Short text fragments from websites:
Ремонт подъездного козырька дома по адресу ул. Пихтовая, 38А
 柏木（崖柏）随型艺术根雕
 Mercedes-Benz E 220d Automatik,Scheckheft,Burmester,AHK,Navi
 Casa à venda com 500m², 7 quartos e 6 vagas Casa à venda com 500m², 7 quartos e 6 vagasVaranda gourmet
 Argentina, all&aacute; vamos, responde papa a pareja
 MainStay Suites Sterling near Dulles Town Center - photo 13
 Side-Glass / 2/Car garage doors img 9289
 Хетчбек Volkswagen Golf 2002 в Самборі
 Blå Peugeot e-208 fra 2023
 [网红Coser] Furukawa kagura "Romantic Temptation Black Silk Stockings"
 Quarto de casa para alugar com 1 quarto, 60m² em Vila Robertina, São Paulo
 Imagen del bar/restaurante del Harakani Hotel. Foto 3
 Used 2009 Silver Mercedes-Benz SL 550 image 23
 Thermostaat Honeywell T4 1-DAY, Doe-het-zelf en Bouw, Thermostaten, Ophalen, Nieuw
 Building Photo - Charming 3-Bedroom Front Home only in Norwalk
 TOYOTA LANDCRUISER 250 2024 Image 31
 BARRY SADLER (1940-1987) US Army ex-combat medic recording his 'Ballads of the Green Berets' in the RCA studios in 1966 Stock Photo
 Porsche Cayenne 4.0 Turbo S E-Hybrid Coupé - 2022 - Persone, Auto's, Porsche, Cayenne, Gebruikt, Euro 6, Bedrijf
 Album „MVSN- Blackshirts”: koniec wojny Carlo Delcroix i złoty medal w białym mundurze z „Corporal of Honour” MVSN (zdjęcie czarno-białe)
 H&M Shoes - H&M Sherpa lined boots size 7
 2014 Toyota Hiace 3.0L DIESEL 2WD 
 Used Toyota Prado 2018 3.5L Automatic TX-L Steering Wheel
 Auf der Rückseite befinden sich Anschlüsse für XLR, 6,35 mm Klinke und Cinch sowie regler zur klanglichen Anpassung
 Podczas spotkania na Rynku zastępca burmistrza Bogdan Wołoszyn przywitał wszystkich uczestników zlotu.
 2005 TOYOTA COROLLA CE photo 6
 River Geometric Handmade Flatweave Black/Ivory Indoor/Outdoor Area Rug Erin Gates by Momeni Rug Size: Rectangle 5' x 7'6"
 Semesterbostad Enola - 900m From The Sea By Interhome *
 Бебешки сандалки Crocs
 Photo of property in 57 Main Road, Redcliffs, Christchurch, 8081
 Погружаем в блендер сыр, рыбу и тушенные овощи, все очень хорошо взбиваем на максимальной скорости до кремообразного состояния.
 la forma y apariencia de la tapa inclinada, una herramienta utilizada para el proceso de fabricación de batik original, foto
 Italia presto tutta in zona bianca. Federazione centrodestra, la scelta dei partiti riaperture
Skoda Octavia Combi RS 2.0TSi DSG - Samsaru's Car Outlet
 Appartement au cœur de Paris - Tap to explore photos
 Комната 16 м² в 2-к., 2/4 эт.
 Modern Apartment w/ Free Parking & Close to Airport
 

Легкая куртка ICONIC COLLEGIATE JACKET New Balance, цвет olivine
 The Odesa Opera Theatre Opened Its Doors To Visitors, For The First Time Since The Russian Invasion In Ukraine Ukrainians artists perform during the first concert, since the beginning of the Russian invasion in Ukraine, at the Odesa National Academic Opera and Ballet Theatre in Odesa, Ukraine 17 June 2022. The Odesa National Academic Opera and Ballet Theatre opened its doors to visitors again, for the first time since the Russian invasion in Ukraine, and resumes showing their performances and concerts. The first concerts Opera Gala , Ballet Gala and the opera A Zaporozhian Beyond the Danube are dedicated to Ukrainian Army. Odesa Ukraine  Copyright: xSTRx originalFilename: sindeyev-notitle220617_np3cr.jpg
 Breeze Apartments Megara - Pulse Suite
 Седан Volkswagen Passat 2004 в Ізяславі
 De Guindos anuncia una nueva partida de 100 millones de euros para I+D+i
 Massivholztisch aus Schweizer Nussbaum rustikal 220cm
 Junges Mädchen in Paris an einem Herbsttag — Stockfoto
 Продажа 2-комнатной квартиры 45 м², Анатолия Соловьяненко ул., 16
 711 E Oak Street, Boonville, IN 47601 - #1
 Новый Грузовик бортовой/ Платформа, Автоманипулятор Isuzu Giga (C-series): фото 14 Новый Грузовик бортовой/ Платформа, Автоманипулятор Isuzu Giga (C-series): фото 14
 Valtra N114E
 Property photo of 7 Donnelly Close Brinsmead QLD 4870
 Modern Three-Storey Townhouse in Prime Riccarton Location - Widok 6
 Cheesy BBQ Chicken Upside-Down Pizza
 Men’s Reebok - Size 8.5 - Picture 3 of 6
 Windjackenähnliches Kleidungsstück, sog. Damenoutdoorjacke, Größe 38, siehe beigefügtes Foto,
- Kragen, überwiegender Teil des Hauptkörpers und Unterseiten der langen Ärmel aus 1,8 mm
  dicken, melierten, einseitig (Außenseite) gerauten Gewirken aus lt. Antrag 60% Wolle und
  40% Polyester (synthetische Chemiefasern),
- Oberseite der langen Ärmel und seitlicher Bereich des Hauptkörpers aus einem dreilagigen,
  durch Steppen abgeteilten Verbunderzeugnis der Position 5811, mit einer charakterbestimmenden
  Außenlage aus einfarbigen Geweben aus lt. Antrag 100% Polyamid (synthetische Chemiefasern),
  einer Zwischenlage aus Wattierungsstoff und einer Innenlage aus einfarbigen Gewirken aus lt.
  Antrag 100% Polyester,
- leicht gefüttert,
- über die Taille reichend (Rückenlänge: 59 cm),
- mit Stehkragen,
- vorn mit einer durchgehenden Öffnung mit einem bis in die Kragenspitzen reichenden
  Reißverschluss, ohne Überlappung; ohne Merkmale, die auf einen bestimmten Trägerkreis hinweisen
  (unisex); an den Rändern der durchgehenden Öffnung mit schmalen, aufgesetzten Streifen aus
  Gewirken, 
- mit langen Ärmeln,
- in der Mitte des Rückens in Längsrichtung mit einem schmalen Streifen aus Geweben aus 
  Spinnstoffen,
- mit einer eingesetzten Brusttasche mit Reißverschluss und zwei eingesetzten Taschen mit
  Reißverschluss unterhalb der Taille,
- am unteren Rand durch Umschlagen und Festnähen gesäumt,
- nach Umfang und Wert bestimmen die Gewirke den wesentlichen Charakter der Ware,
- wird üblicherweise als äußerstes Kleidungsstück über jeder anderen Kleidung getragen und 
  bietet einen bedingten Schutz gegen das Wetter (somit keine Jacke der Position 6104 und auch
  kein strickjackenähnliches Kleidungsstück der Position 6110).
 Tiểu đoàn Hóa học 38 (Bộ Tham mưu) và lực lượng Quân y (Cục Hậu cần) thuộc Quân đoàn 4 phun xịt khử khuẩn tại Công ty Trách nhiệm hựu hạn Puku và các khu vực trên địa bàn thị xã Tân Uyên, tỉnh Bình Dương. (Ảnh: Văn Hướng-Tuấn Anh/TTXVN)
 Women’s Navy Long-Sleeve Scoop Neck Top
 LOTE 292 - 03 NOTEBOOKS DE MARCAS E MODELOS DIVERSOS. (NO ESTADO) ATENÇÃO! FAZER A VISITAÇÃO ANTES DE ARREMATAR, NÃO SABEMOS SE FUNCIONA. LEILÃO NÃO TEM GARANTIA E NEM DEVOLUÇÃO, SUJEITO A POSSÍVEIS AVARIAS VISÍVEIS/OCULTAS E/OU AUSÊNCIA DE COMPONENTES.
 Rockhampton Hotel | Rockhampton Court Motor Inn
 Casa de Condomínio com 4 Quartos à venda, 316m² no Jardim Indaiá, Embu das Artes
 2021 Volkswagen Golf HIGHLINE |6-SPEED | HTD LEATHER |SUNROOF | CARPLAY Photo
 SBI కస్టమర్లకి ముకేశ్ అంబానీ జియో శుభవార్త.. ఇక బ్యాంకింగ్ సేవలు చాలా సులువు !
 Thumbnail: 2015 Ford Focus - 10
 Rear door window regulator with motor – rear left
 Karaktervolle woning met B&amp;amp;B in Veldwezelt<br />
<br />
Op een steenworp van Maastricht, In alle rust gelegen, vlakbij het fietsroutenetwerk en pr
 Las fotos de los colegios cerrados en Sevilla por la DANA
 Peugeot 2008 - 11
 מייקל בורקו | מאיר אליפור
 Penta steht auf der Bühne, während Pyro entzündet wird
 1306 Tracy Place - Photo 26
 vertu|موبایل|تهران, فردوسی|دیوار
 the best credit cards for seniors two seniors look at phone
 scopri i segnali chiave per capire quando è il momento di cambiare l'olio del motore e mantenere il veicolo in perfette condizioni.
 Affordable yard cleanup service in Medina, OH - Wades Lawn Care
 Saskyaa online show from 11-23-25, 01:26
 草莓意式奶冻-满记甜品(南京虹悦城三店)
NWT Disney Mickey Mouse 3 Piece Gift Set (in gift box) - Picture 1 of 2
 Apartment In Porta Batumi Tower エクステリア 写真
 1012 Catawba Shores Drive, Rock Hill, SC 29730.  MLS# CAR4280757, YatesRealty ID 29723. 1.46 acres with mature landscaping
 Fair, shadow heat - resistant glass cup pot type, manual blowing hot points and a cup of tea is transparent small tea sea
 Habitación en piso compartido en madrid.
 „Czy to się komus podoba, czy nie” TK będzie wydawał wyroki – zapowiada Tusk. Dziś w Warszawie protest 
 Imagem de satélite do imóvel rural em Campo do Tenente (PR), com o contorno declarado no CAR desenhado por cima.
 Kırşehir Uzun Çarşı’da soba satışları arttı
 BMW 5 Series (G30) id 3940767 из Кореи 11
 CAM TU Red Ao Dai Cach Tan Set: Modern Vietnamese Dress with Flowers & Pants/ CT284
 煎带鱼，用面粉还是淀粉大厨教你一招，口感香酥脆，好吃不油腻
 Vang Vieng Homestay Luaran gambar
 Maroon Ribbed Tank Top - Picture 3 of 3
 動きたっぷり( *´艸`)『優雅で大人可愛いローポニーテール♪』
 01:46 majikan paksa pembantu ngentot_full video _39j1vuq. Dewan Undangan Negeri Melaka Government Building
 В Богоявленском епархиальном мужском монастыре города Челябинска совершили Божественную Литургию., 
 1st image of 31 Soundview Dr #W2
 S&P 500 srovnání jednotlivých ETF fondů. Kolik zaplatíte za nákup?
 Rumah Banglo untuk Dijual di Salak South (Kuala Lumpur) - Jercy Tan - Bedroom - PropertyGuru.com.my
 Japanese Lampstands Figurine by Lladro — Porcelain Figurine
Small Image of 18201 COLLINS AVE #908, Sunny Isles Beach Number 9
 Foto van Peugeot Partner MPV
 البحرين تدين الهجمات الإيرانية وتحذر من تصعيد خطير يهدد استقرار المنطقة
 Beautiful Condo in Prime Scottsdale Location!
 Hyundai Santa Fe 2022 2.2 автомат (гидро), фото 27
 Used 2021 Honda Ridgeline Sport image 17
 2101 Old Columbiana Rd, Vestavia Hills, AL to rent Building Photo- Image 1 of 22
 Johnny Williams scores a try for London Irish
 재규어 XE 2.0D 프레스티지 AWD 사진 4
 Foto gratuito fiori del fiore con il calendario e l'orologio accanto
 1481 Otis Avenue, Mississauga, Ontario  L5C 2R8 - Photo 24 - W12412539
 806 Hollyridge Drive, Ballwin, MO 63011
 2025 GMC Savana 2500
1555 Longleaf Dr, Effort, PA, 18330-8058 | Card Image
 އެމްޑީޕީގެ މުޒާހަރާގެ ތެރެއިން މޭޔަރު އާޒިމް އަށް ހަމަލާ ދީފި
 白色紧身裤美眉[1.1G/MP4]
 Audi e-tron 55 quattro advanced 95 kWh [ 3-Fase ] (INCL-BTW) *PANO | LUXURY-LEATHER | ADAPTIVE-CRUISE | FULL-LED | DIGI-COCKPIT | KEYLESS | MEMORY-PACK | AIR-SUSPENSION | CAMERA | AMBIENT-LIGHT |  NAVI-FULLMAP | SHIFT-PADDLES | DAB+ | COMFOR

Required action. Take exactly the lines from the one containing "Appartement au cœur" through the one containing "Легкая куртка ICONIC" in the data above, and output them with nothing added.

Solution to the exercise.
 Appartement au cœur de Paris - Tap to explore photos
 Комната 16 м² в 2-к., 2/4 эт.
 Modern Apartment w/ Free Parking & Close to Airport
 

Легкая куртка ICONIC COLLEGIATE JACKET New Balance, цвет olivine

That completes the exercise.